As perhaps implied by the Metternich's disparaging remarks above, Napoleon's obsession with the concept of Napoleon/Charlemagne was not shared by everyone. Many of the Emperor's erstwhile Revolutionary colleagues were shocked and dismayed by the ceremony at Notre Dame. Napoleon was not to make a great deal of political capital out of the ceremony itself, largely ignored, if not openly mocked, by press outside the Empire. Diplomatic presence at the ceremony was limited to French allies (Austria presented her excuses) and Napoleon himself in his speech to the Corps legislatif shortly afterwards made no reference to the ceremony. And Champagny in his ‘state of the nation' speech following that of Napoleon's emphasised that the sole legitimate moment in the coronation had been the constitutional oath. Divine approbation in the end counted for little. And the geopolitical crisis of the following year was to render any interest in the ceremonial academic. When Napoleon annexed of Genoa and crowned himself king of Italy, he alienated Russia and Austria in one go, driving them into the arms of British diplomats and creating malgré lui the Third Coalition. By September 1805, Austria had invaded southern Germany and Russia was manoeuvring to come to her assistance. Britain meanwhile was pursuing the French fleet in the Atlantic. To face up to the threat from the south, Napoleon abandoned his invasion plans for the British Isles and rushed his army to Bavaria and then on to Vienna and finally Austerlitz. This military consecration (which coincidentally occurred on the exactly the same day as the service in Notre Dame) was strongly to overshadow the coronation. From 1806 on, the 2 December was to be Austerlitz and Coronation commemoration day, with the emphasis on the former.

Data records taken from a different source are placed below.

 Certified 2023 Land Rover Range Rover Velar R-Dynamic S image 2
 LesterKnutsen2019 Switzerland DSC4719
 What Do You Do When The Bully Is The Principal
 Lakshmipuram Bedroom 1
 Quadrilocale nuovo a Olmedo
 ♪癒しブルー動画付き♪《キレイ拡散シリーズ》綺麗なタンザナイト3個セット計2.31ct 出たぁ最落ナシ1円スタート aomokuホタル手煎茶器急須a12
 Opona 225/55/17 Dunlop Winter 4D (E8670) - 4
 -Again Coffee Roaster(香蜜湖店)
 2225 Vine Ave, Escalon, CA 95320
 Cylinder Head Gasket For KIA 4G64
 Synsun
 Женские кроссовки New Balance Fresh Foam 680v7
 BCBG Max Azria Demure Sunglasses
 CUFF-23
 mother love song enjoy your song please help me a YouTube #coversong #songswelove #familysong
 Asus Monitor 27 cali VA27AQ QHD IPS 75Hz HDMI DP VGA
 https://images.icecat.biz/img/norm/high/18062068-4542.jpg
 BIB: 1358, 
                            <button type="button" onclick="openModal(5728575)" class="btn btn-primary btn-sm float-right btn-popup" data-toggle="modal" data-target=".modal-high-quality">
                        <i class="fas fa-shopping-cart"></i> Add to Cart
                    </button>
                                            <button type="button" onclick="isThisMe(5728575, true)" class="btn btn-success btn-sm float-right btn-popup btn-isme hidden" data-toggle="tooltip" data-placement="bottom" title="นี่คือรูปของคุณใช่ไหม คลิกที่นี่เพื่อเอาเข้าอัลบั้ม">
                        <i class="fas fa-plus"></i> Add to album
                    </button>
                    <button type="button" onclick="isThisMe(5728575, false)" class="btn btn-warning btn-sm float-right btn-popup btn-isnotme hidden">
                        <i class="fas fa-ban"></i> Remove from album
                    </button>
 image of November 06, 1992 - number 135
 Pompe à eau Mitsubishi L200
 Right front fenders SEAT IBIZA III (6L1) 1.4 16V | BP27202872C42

All that was to remain of the ceremony was David's spectacular painting and the mystical sense of majesty that was to hover over the imperial court right up to the end. As the fallen emperor himself was to note his memoirs: “the doctrine of the Christians […] was very favourable to the dynasties which built themselves upon the debris of the Roman Empire: it legitimated them. Clovis was only really king when he was consecrated so”. (7) Napoleon must have thought the same for himself.


Notes

1) Pierre-Louis Roederer, Oeuvres du comte P. L. Roederer publiées par son fils A. M. Roederer, Firmin Didot Frères: Paris, 1854, vol. 3, p. 342.
2) Quoted in Bernardine Melchior-Bonnet, Napoléon et le Pape, Paris: Amiot Dumont, 1958, p. 87.
3) Emmanuel de Las Cases, Le mémorial de Sainte-Hélène, Marcel Dunan (ed.), Flamarion Paris, 1951, vol. 1, p. 744 (17 June 1816).
4) C. Metternich, Mémoires: documents et écrits divers / laissés par le prince de Metternich,...; publiés par son fils, le prince Richard de Metternich; classés et réunis par M.A. de Klinkowstroem, Paris: E. Plon, 1881-1884, tome 1, p. 283.
5) Jean-Jacques de Cambaceres, Mémoires inédits: éclaircissements publiés par Cambaceres sur les principaux événements de sa vie politique / présentation et notes de Laurence Chatel de Brancion. Paris: Perrin, 1999, v. 1: « La Révolution, le Consulat », p. 489.
6) Metternich, Mémoires, ed. cit., pp. 282-283.
7) Napoleon Bonaparte, Mémoires de Napoléon, Thierry Lentz (ed./comm.), Tallandier: Paris, 2011, vol. 3, p. 159 (chapter 5, Affaires religieuses).